Donal spricht einmal etwas geschwollen über das Paradox des Glaubens, das etwas anderes sei als ein Beweis. "Es ist nicht wie zwei und zwei zusammenzählen, sondern eher so, als fügte man zu Wasser Licht hinzu." Schwester Thomas, eigentlich eine Expertin für solche Fragen, drückt es profaner aus: "Es wird alles gut. Es ist eine kleine Stadt, und sie wird Sie behüten. Kehren Sie jetzt zu ihr zurück. Und hören Sie auf zu trauern, Nora. Die Zeit dafür ist vorüber."

Colm Tóibín hat schon oft über übermächtige Mütter geschrieben. Man denke nur an seinen Erzählungsband "Mütter und Söhne" (2006, dt. 2009) oder an die ebenso tyrannische wie lebensuntüchtige Monstermutter aus dem Roman "Die Geschichte der Nacht" (1996, dt. 1999). Zuletzt hat er sogar ein Buch über die Mutter aller Mütter geschrieben. "Marias Testament" (2012, dt. 2014) erzählt von der Mutter Jesu, die ihrem Sohn nicht verzeihen kann, dass er sie verleugnet, als er sich zum Sohn Gottes erklärt. Wie diese Maria ist auch Nora eine ebenso einfache wie erstaunliche Frau, eine Dulderin, deren Geschichte die Dünung von Tóibíns ruhig und kraftvoll rhythmisierter Prosa so sanft am Strand ablegt wie eine Flaschenpost.

Colm Tóibín: Nora Webster

Colm Tóibín: Nora Webster.
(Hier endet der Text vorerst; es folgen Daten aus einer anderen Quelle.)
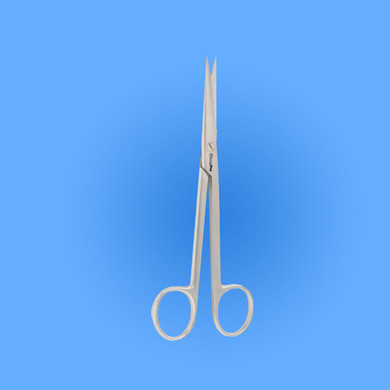 Surgical Iris Scissors  SPOS-186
Roman. Aus dem Englischen von Giovanni und Ditte Bandini. Carl Hanser Verlag, München 2016. 384 Seiten, 26 Euro. E-Book 19,99 Euro.

Die Botschaft aber, die in dieser Flaschenpost steckt, ist eine doppelte, spiegelt sich doch in Nora Websters Kampf um Unabhängigkeit der irische Unabhängigkeitskampf wider. Wer will, kann in ihr also durchaus eine Nationalikone sehen. Wie ihre Ahninnen Anna Karenina, Effi Briest oder Emma Bovary gehört Nora Webster schon jetzt in die Galerie der unsterblichen Frauengestalten der Literatur. Zu Recht meldet Colm Tóibín diesen Anspruch an, indem er den Titel seines Buches allein für ihren Namen reserviert, als wäre dieses Buch ein Monument. "Nora Webster" ist ein großer Entwicklungsroman über eine Frau in einem über Jahrhunderte unterentwickelten und fremdbestimmten Land, ein stilles Meisterwerk.